All of my workers are written in javascript, so I'm using node.js for execution and beanstalkd as a pipeline.
If new jobs (ie. scheduling a worker to run at a given time) are being created asynchronously and I need to store the job result and configuration persistently, how do I avoid polling a table?
Thanks!

I agree that it seems inelegant, but given the way that computers work something *somewhere* is going to have to do polling of some kind in order to figure out which jobs to execute when. So, let's go over some of your options:
Poll the database table. This isn't a bad idea at all - it's probably the simplest option if you're storing the jobs in MySQL anyway. A rate of one query per second is nothing - give it a try and you'll notice that your system doesn't even feel it.
Some ideas to help you scale this to possibly hundreds of queries per second, or just keep system resource requirements down:
Create a second table, 'job_pending', where you put the jobs that need to be executed within the next X seconds/minutes/hours.
Run queries on your big table of all jobs only once in a longer while, then populate the small table which you query every shorter while.
Remove jobs that were executed from the small table in order to keep it small.
Use an index on your 'execute_time' (or whatever you call it) column.
If you have to scale even further, keep the main jobs table in the database, and use the second, smaller table I suggest, just put that table in RAM: either as a memory table in the DB engine, or in a Queue of some kind in your program. Query the queue at extremely short intervals if you have too - it'll take some extreme use cases to cause any performance issues here.
The main issue with this option is that you'll have to keep track of jobs that were in memory but didn't execute, e.g. due to a system crash - more coding for you...
Create a thread for each of a bunch of jobs (say, all jobs that need to execute in the next minute), and call thread.sleep(millis_until_execution_time) (or whatever, I'm not that familiar with node.js).
This option has the same problem as no. 2 - where you have to keep track job execution for crash recovery. It's also the most wasteful imo - every sleeping job thread still takes system resources.
There may be additional options of course - I hope that others answer with more ideas.
Just realize that polling the DB every second isn't a bad idea at all. It's the most straightforward way imo (remember KISS), and at this rate you shouldn't have performance issues so avoid premature optimizations.

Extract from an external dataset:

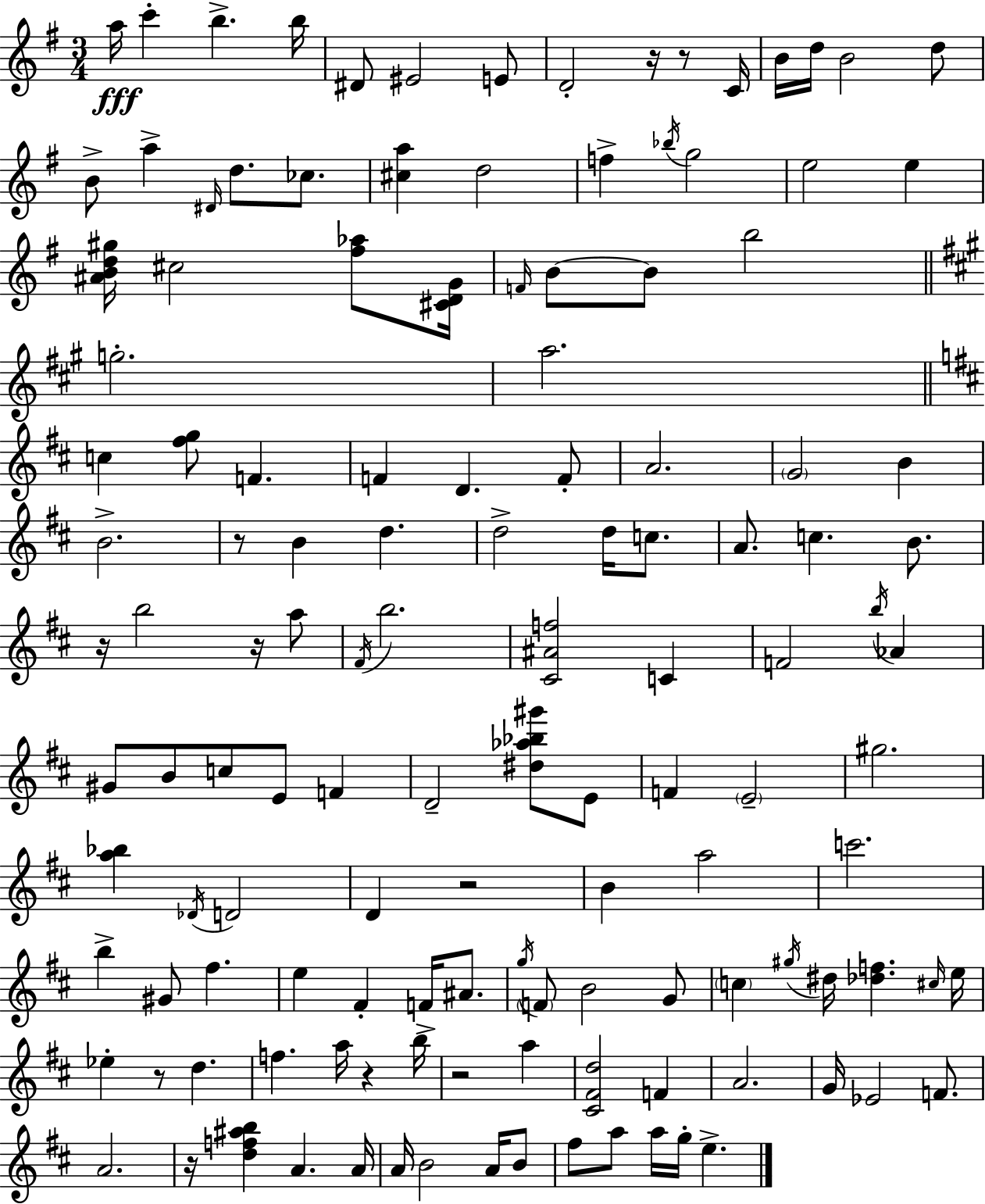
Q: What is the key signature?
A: E minor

Why not have a Job object in node.js that's saved to the database.
var Job = {
id: long,
task: String,
configuration: JSON,
dueDate: Date,
finished: bit
};
I would suggest you only store the id in RAM and leave all the other Job data in the database. When your timeout function finally runs it only needs to know the .id to get the other data.
var job = createJob(...); // create from async data somewhere.
job.save(); // save the job.
var id = job.id // only store the id in RAM
// ask the job to be run in the future.
setTimeout(Date.now - job.dueDate, function() {
// load the job when you want to run it
db.load(id, function(job) {
// run it.
run(job);
// mark as finished
job.finished = true;
// save your finished = true state
job.save();
});
});
// remove job from RAM now.
job = null;
If the server ever crashes all you have to is query all jobs that have [finished=false], load them into RAM and start the setTimeouts again.
If anything goes wrong you should be able to restart cleanly like such:
db.find("job", { finished: false }, function(jobs) {
each(jobs, function(job) {
var id = job.id;
setTimeout(Date.now - job.dueDate, function() {
// load the job when you want to run it
db.load(id, function(job) {
// run it.
run(job);
// mark as finished
job.finished = true;
// save your finished = true state
job.save();
});
});
job = null;
});
});

Related

Non blocking Javascript and concurrency

I have code on a web-worker and because i can't post to it an object with methods(functions) , i dont know how to stop blocking the UI with this code:
if (data != 'null') {
obj['backupData'] = obj.tbl.data().toArray();
obj['backupAllData'] = data[0];
}
obj.tbl.clear();
obj.tbl.rows.add(obj['backupAllData']);
var ext = config.extension.substring(1);
$.fn.dataTable.ext.buttons[ext + 'Html5'].action(e, dt, button, config);
obj.tbl.clear();
obj.tbl.rows.add(obj['backupData'])
This code exports records from an html table. Data is an array and is returned from a web worker and sometimes can have 50k or more objects.
As obj and all the methods that it contains are not transferable to we-worker, when data length 30k ,40k or 50k or even more, the UI blocks.
which is the best way to do this?
Thanks in advance.

you could try wrapping the heavy work in an async function like a timeout to allow the engine to queue the whole logic and elaborate it as soon as it has time
setTimeout(function(){
if (data != 'null') {
obj['backupData'] = obj.tbl.data().toArray();
obj['backupAllData'] = data[0];
}
//heavy stuff
}, 0)
or , if the code is extremely long, you can try figure it out a strategy to split your code into chunk of operation and execute each chunk in a separate async function (timeout)
Best way to iterate over an array without blocking the UI

Update:
Sadly, ImmutableJS doesn't work at the moment across webworkers. You should be able to transfer the ArrayBuffer so you don't need to parse it back into an array. Also read this article. If your workload is that heavy, it would be best to actually send back one item at a time from the worker.
Previously:
The code is converting all the data into an array, which is immediately costly. Try returning an immutable data structure from web worker if possible. This will guarantee that it doesn't change when the references change and you can continue iterating over it slowly in batches.
The next thing you can do is to use requestIdleCallback to schedule small batches of items to be processed.
This way you should be able to make the UI breathe a bit.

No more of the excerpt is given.